While the Index of Consumer Confidence (ICC) published by the Conference Board of Canada rose 5.5 points to 73.6 in July 2023, the number of Canadians believing now is a good time to make a major purchase, such as a house, car, furniture or major appliance, continued to fall. Only 10.4% of consumers says now is a good time to buy.
Board economist Walter Bolduc noted this month’s survey results showed a noteworthy upswing from the previous month, saying “respondents demonstrated a more positive perception of their current financial situation in July.”
Some 13.2% of respondents believe their finances improved in July, although a majority (51.4%) said their finances were unchanged. Those saying their financial situation had worsened fell slightly to 32.9% of survey respondents.
In describing respondents outlook regarding future finances, Bolduc said “there was a moderation in optimism.”
He noted the percentage expecting an improvement in their finances fell, while those anticipating a decline reduced by 2.4 percentage points. “Consequently, the proportion of individuals who believed their finances would remain unchanged regained a majority, increasing from 48.4% in the previous month to 50.2%,” he said.

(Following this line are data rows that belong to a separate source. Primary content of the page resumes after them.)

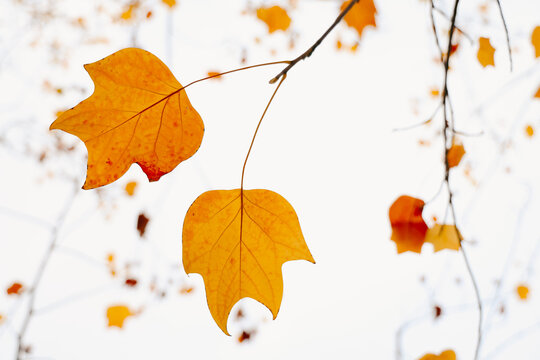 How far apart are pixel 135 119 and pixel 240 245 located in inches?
10.6

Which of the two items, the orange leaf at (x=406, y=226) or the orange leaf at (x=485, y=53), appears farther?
the orange leaf at (x=485, y=53)

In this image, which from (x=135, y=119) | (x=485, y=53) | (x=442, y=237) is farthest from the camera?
(x=485, y=53)

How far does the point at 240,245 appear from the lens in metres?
0.68

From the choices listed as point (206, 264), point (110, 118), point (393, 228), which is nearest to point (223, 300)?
point (206, 264)

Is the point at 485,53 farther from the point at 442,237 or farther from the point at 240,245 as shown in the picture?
Answer: the point at 240,245

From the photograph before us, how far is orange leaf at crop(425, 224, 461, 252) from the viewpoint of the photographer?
2.92 ft

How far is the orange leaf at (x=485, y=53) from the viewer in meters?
1.03

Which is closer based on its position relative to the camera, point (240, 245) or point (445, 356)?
point (240, 245)

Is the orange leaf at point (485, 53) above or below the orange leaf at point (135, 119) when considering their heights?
above

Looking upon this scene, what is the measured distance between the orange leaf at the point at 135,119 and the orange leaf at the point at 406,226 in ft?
1.71

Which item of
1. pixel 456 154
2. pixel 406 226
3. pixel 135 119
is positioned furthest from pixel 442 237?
pixel 135 119

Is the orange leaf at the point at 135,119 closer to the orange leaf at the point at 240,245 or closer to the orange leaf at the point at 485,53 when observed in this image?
the orange leaf at the point at 240,245

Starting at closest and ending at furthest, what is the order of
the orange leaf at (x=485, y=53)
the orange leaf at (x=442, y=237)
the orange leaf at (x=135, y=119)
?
the orange leaf at (x=135, y=119) < the orange leaf at (x=442, y=237) < the orange leaf at (x=485, y=53)

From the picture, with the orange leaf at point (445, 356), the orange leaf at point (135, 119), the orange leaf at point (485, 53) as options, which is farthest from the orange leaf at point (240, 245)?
the orange leaf at point (485, 53) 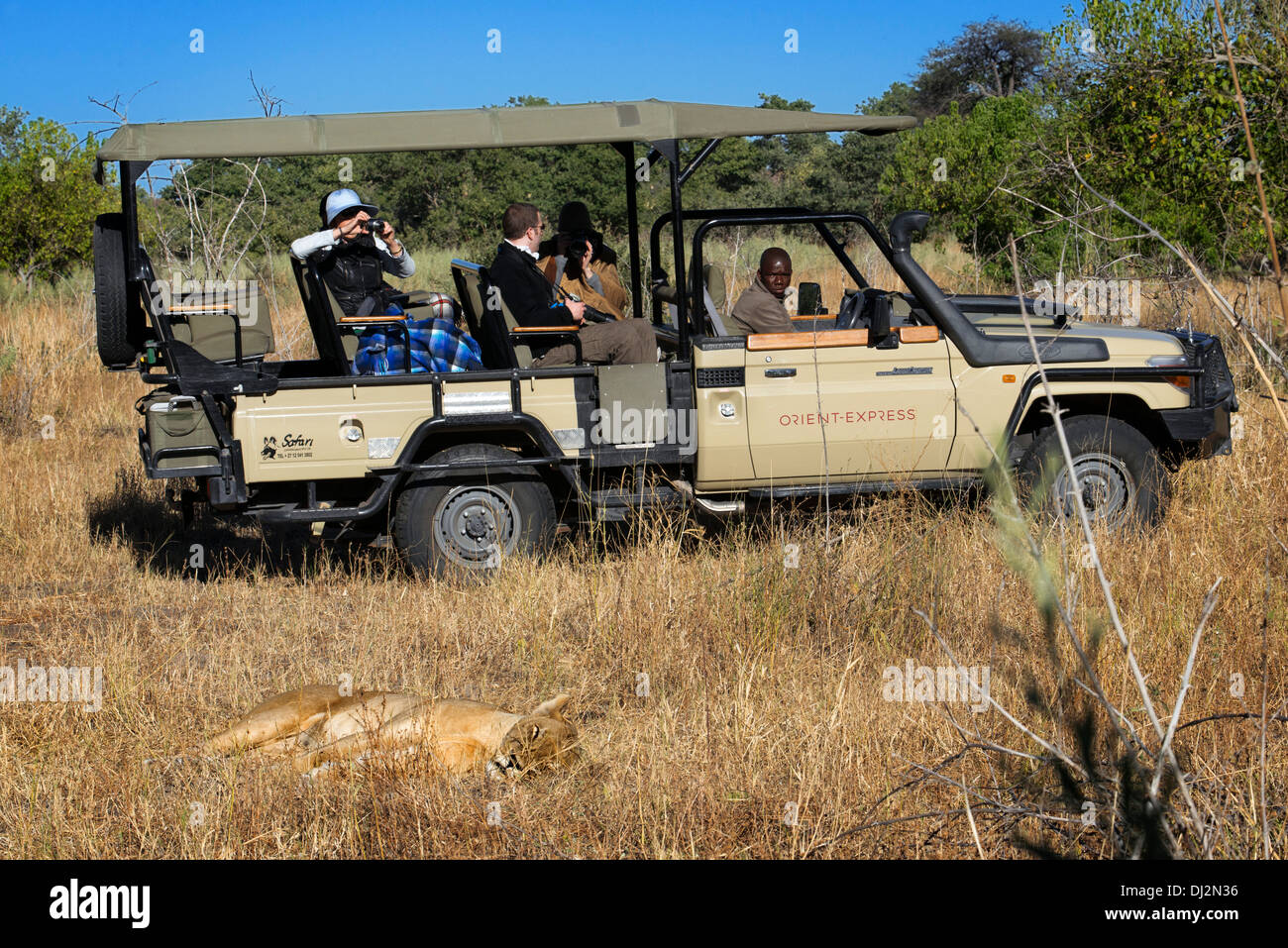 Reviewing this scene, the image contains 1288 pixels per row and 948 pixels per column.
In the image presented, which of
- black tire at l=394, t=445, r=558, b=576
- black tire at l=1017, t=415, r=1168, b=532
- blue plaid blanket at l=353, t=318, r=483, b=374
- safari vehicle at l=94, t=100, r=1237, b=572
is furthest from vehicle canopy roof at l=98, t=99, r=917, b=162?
black tire at l=1017, t=415, r=1168, b=532

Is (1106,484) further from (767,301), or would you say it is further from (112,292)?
(112,292)

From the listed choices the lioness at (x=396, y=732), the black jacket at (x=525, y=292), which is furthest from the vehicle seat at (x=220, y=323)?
the lioness at (x=396, y=732)

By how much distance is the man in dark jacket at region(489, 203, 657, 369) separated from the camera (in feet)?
19.1

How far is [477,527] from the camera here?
225 inches

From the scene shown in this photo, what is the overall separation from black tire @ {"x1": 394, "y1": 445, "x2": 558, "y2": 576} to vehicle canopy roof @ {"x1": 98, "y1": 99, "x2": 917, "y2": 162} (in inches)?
55.9

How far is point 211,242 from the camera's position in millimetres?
11539

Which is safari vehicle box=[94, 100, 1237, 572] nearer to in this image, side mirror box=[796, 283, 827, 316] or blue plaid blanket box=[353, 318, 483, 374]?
blue plaid blanket box=[353, 318, 483, 374]

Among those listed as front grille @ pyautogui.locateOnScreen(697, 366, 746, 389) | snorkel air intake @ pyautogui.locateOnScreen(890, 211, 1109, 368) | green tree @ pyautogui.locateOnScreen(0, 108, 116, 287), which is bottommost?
front grille @ pyautogui.locateOnScreen(697, 366, 746, 389)

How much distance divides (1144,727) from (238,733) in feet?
9.31

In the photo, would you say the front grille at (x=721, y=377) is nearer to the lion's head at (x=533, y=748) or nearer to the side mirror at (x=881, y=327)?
the side mirror at (x=881, y=327)

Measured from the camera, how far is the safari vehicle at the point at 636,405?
5320mm

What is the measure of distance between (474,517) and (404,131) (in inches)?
70.2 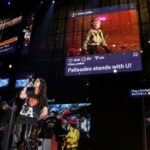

July’s survey revealed Canadians were slightly more optimistic concerning future job prospects as the number believing there would be more job opportunities increased by 1.4 percentage points to reach 12.6%. Likewise, the proportion of those anticipating the same number of jobs rose by 1.8 percentage points, reaching 54.6%. In contrast, the percentage of individuals expecting a decrease in job opportunities dropped to 20.3 per cent, reflecting a decline of 2.9 percentage points.
In what is sure to be seen as bad news for most furniture, furnishings and major appliance retailers, the Canadian consumer’s outlook on major purchases deteriorated further in July. While the number thinking now is a good time to buy grew slightly, it still represented only 10.4% of respondents. “However, this was overshadowed by a more substantial 1.3 percentage point rise in the proportion of individuals who believed it was a bad time for major purchases to 68.1%,” Bolduc said.
In his commentary, Bolduc noted “despite a promising moderation in inflation, the rising cost of living remains a concerning factor.”
He pointed out the Consumer Price Index (CPI) report for June indicated an inflation rate of 2.8%. While this suggested progress was being made towards the Bank of Canada’s inflation goals and the efforts to control it, consumers continue to be troubled by the cost of living and cited the bank’s own survey which revealed that 48% of respondents found it to be their primary concern.
“The increasing prices of essentials, particularly groceries, have contributed to this apprehension,” he said. “Last quarter, every month had increases in grocery prices close to 10% year-over-year. Additionally, the recent 25-point hike in interest rates adds further financial pressure on homeowners through increased mortgage costs. If the elevated cost of living persists, consumer confidence may experience a decline due to heightened financial burdens.”